Retrospective cohort studies have shown that statin use in rectal cancer patients undergoing neoadjuvant chemoradiotherapy appears to confer higher pathological regression rates [30, 31]. Results of the present study have identified a subgroup of patients with KRAS mutated mCRC located at recto-sigmoid colon as a candidate subgroup of patients that may benefit from statin treatment in association with adjuvant chemotherapy.

Studies evaluating the role of dyslipidemia in CRC patients outcomes have yielded conflicting results [32, 33], with some studies highlighting better survival with high serum cholesterol.

In the present study survival analysis in 22 patients with KRAS mutated recto-sigmoid cancer stage IV at diagnosis revealed a trend towards better survival in patients with low chol:HDL ratio compared to patients with high chol:HDL ratio (p = 0.06).
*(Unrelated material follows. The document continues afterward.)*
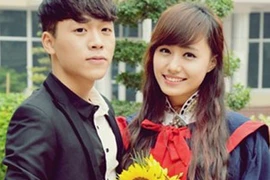 Hot boy trường báo vẽ tranh tạo sóng mạng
In a subgroup analysis comparing mCRC patients in treatment with statins versus non statin users stratified by tumour location (recto-sigmoid versus non recto-sigmoid colon, right colon versus left colon, colon versus rectum) and KRAS status, we did not observe improved survival in CRC patients in treatment with statins. It is noteworthy that mean cholesterol and chol:HDL ratio in patients with recto-sigmoid cancers treated with statins were above therapeutic target levels (5.1 mmol/l and 3.6 respectively), suggesting that suboptimal treatment of dyslipidemia may have been responsible of the lack of expected improved survival observed in such patients in treatment with statins (Supplementary File Table 4). It is plausible that the effect of statins on a subset of CRC patients outcomes is related to its lipid lowering effect.
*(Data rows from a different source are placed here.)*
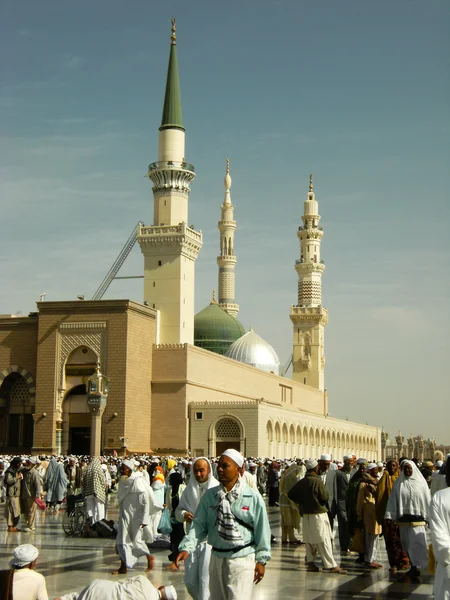 Nabawi mešita v odpoledne na hadždž sezóny. — Stock fotografie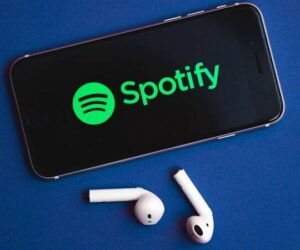 Spotify now lets 433m free users pick and play any songs, just like premium users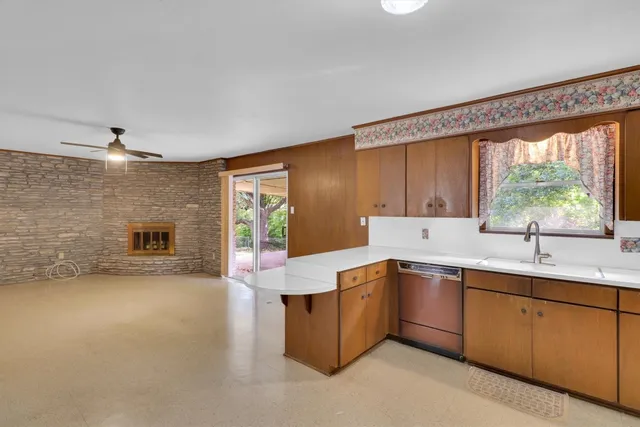 $395,000 | 1109 Hollybluff Street, Austin, TX 78753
In patients with KRAS mutated recto-sigmoid cancer stage III at diagnosis, high chol:HDL ratio was associated with better survival. These results are in line with previous studies demonstrating that dyslipidemia resulted in improved survival in patients with non-metastatic CRC [34]. The mechanisms underlying the protective effect of dyslipidemia in non-mCRC remain elusive. Serum cholesterol levels have been demonstrated to decline prior to diagnosis of CRC [35], likely related to actively proliferating and aggressive cancer cells, which utilize host lipids for proliferation and survival. High serum lipid levels, in the setting of non-mCRC, may reflect a less aggressive cancer phenotype.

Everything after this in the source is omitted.